The answer of the city admitted the facts stated in the complaint to be true, but alleged affirmatively;

“(1) That by § 5 of the act of February 26, 1890 (Acts 1890, p. 225), all of the indebtedness of the city of Seattle in excess of one per cent, of the assessment of 1889, and not in excess of one and one-half per cent, thereof, was validated and made legal indebtedness thereof. (2) That on February 26, 1890, the absolute indebtedness of the city of Seattle, including the indebtedness thus legalized, did not reach the limit of one and one-half per cent., nor was that limit reached until April 29, 1890, and after the issuance of warrant No. 1394, on the road fund, for the sum of $1,575, included in class 3. (3) That by the terms of the said street improvement warrants, and under the law governing their issuance, they were not primarily a general liability of the city of Seattle, but were chargeable to and payable out of particular funds, to be derived from local assessments. (4) That the said condemnation awards were likewise not a primary or general liability of the city, but were chargeable and payable out of local assessments only.”

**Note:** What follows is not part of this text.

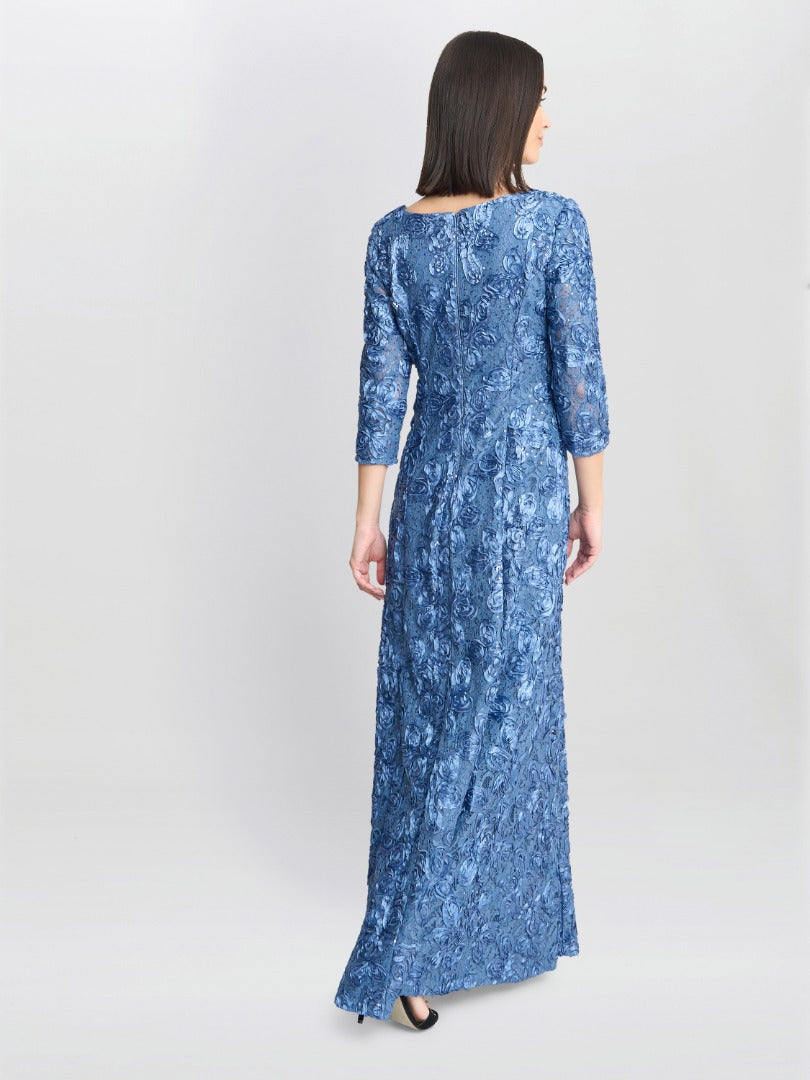 Gina Bacconi Susanna Rosette Maxi Dress With 3/4 Illusion Sleeves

The plaintiff interposed a general demurrer to the answer, upon the argument of which the court sustained it as a demurrer to the complaint, and dismissed the action.

*582Before proceeding to pass upon the other features of this case we will speak of the two classes of alleged indebtedness which would absorb a very large portion of the city’s debt creating power if they were to be counted as a part of its constitutional liabilities, viz., the street improvement warrants and the condemnation awards.

First: Under the charter of 1886 the city of Seattle had the power to make street improvements either with funds drawn directly from the treasury or by creating local assessment districts upon the property, within which a special levy could be laid to pay for the entire expense. These warrants were the result of proceedings of the latter class. They show upon their face that they are payable out of the “street improvement funds, under ordinance No. —.” The agreements with the contractors for the work were to the effect that they should be paid “out of a special fund.” It is fair to presume that the special funds have been provided by the city in all these eases, and that in due course the money will be realized to pay off the warrants. What might be the liability of the city in case it should fail, neglect or refuse to collect special taxes in such cases, is not for us to say here. It suffices that there is no present liability on the part of the city to pay out of its treasury.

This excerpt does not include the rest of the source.